It "could not be just" that a losing litigant is forced by the laws of the State to pay an hourly rate for an opponent's lawyers at a rate that is multiples of the around €200 per hour the Taoiseach is paid, a High Court judge said.
Mr Justice Michael Twomey said “transparency demands” that a losing litigant, who must pay High Court costs, is entitled to know lawyers’ hourly rates which were used in the calculation of that obligation.
He made the comments when he once again highlighted what he called "millionaire" legal costs in the High Court in a case in which a developer is suing two women in a row over plans for new houses next to Inchanappa House in Ashford, Co Wicklow.
Developer Greg Kavanagh's Beakonford Ltd has sued Inchanappa House owner Oonagh Stokes and local woman Barbara Wilding claiming there was an attempt to extract a payment of €6 million from the company as part of an objection lodged against the planning application.
Planning permission was eventually granted for 98 homes on land formerly part of Inchanappa Estate and bought by Beakonford for €4 million.
The defendants strongly deny the claims.
In advance of the hearing of the case, the defendants sought that Beakonford put up security for costs should it lose the action. The defendants argued the company could not properly show it had the money to pay costs, which the company disputed.
The court ordered that security should be provided. To help the court assess what the amount of the security should be, three legal costs accountants provided estimates.
One was provided by Lowes for some €250,000 on behalf of Beakonford, another was provided by McCann Sadlier on behalf of Ms Stokes for around €411,000. A third, on behalf of Ms Wilding, was provided by Peter Fitzpatrick Legal Costs Accounts in the sum of around €454,000.
Mr Justice Twomey said the court favoured the lower figure provided by Beakonford.
The judge said in all three cost accountants' reports, there were no hourly rates provided for the work that lawyers would carry out on the case.
In the Fitzpatrick estimate, he said a figure of €170,000 (excluding VAT) was provided for work by the solicitors (excluding barristers) for costs in preparing and attending what is due to be a six day trial of the case. But this was "without the court having any idea” of how much time the legal practitioner was estimated to expend on the case, he said.
If the legal practitioner worked for 170 hours - the equivalent to working full time for a month on this case alone at a rate of €1,000 per hour - this would in an "inordinate" rate and could not be viewed as reasonable, the judge said.
He pointed out the Taoiseach - holder of the most important office in the country - earns €241,480 per annum.
Based on a 40-hour week this equates to an hourly rate of around €200, excluding pensions and benefits which he noted are not paid to self employed lawyers.
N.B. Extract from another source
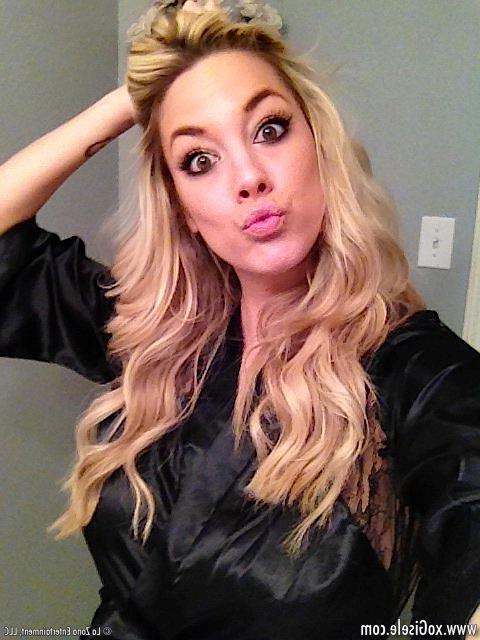 15P Gisele has some fun with her camera phone and takes some naughty pictures of herself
The court was being asked, he said, to approve costs without knowing whether it is based on the lawyer being paid at rates roughly around what the Taoiseach is paid or whether it is "many multiples" of that (where the rate is €1,000 per hour).
Under the Legal Services Regulation Act 2015, costs are required to be "reasonable" which can be done by applying hourly rates, he said.
But where costs adjudicated by the State-operated Legal Costs Adjudicator are, in practice, "anything but reasonable since they are at 'millionaire' levels", this is a conflict which requires consideration by the court, he said.

A security for costs application is one of the few occasions in which the courts have any insight to how costs are calculated, even though costs are an integral part of the administration of justice as they often exceed the damages awarded, he said.
As a result, the judiciary, with no control over the level of litigation costs, has repeatedly complained, but without success, about the high costs of litigation in the High Court for at least 60 years, he said.
He also said if he directed the costs accountants to produce new reports based on hours worked that would simply add further to the costs of this case.
Accordingly, the court has adopted the Lowes’ estimate of €250,000, even though it cannot definitively say that this estimate is “reasonable”, he said.